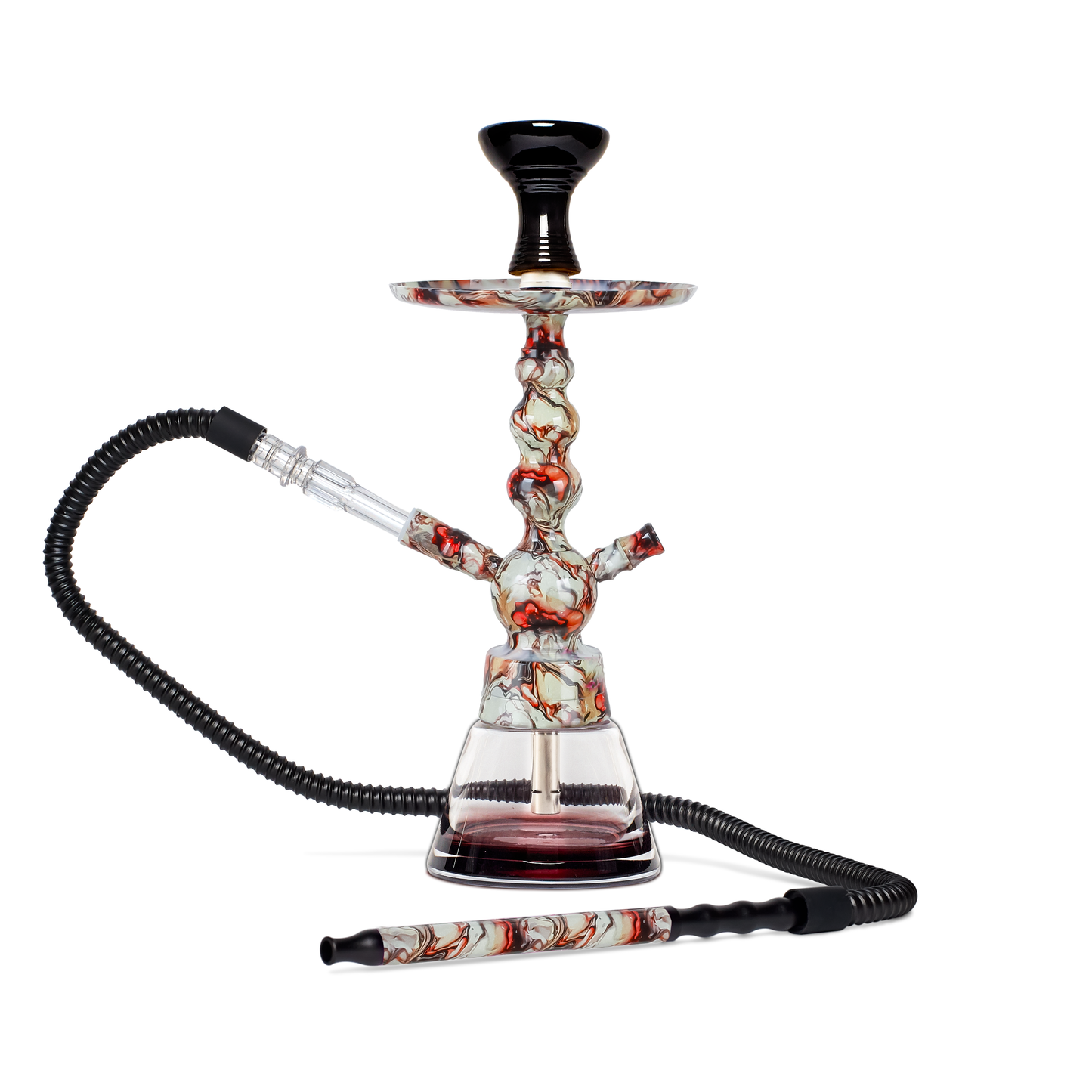 BYO Hookah 18" Toker | CK-5029 | Multiple Color Option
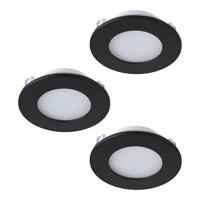 Eglo SpotsZigbee Fueva-Z set van 3 zwart - 900105 - thumbnail
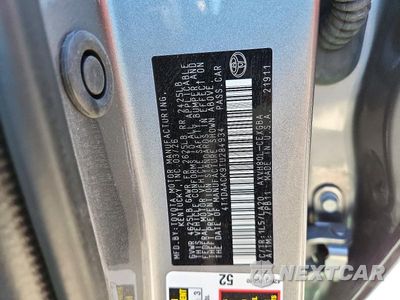 Zdjęcie 13 z 13 samochodu: 2026 TOYOTA CAMRY XLE VIN:4T1DAACK9TU284934 - miniatura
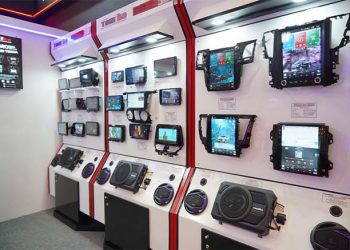 Berburu Komponen Aftermarket di GJAW 2023, Gratis Makan Siang Dan Sneakers Keren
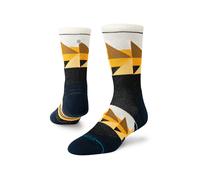 Stance Condor Mid Wool Crew Chaussettes L Noir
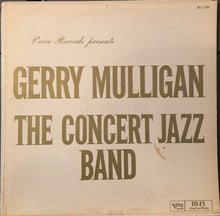 Load image into Gallery viewer, Gerry Mulligan : The Concert Jazz Band (LP, Album, Mono, Dee)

* _WORK REQUEST_: Leave every picture out and copy precisely the lines from the one containing "Zdjęcie 13 z" through the last line of the data above, both ends included.

* _ANSWER SECTION_:
 Zdjęcie 13 z 13 samochodu: 2026 TOYOTA CAMRY XLE VIN:4T1DAACK9TU284934 - miniatura
 Berburu Komponen Aftermarket di GJAW 2023, Gratis Makan Siang Dan Sneakers Keren
 Stance Condor Mid Wool Crew Chaussettes L Noir
 Load image into Gallery viewer, Gerry Mulligan : The Concert Jazz Band (LP, Album, Mono, Dee)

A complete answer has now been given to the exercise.